幼なじみのハイスペ若頭が結婚を諦めてくれません。
幼稚園児の頃の那桜はかわいかった。
「きょーかちゃん」って私の後をついてくるかわいい子犬みたいで。
私も那桜と遊ぶのは楽しかった。
変わったのは小学生になったばかりの頃だ。
私は父から「那桜とは遊ぶな、関わるな」と言われた。理解できないし納得できなくて、「嫌だ」って言った。

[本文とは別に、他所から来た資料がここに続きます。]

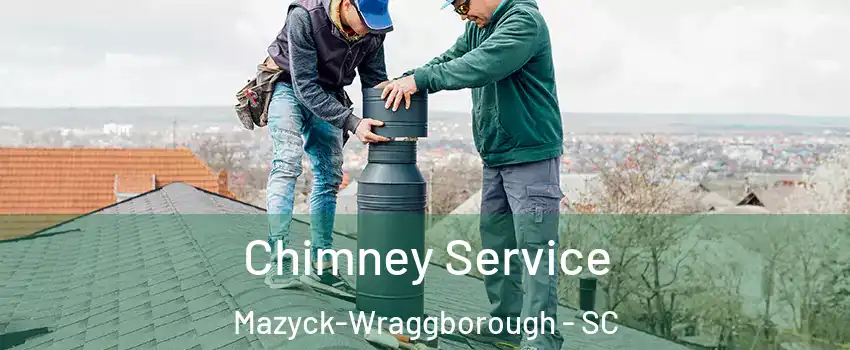 Chimney Service Mazyck-Wraggborough - SC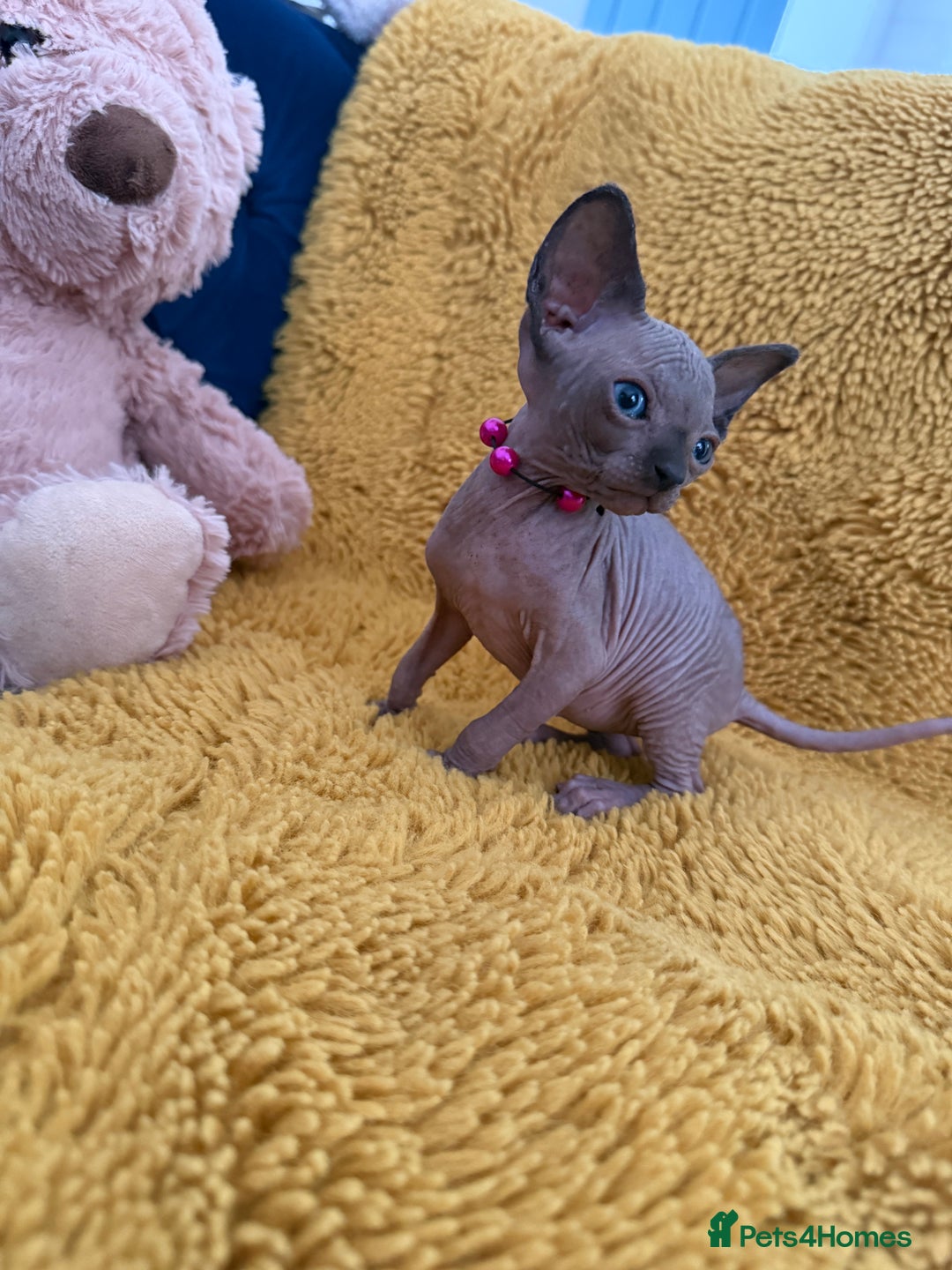 Sphynx cats for sale: Last FEMALE AVAILIBLE NOW!Parents HCM Clear  - Image 16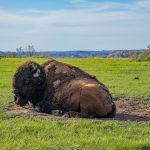 Buffalo Bison in the field in North Dakota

「お前は桜花組の娘なんだぞ!染井一家の息子となんか関わるな!」
怒鳴られた私は泣きながら家を飛び出した。
なんで?何がダメなの?
私はただ那桜と一緒にいたいだけなのに。
きっと那桜もそう思ってくれているはずだって。そう思っていた。
「……もう、きょーかちゃんとはあそばない」
「な、なんで……?なおちゃんときょうかは、ともだちでしょ!?」
「ともだちなんかじゃない」
「……っ!」
「ともだちになりたいとおもったことなんて、いちどもないよ」
その言葉がショックすぎて、頭から布団を被って一晩中泣いた。
仲良しだって、友達だって思っていたのは私だけだった。ものすごく傷ついた。
それから私も意識を変えた。
那桜はライバルで敵なんだって。
那桜にだけは絶対負けたくないって。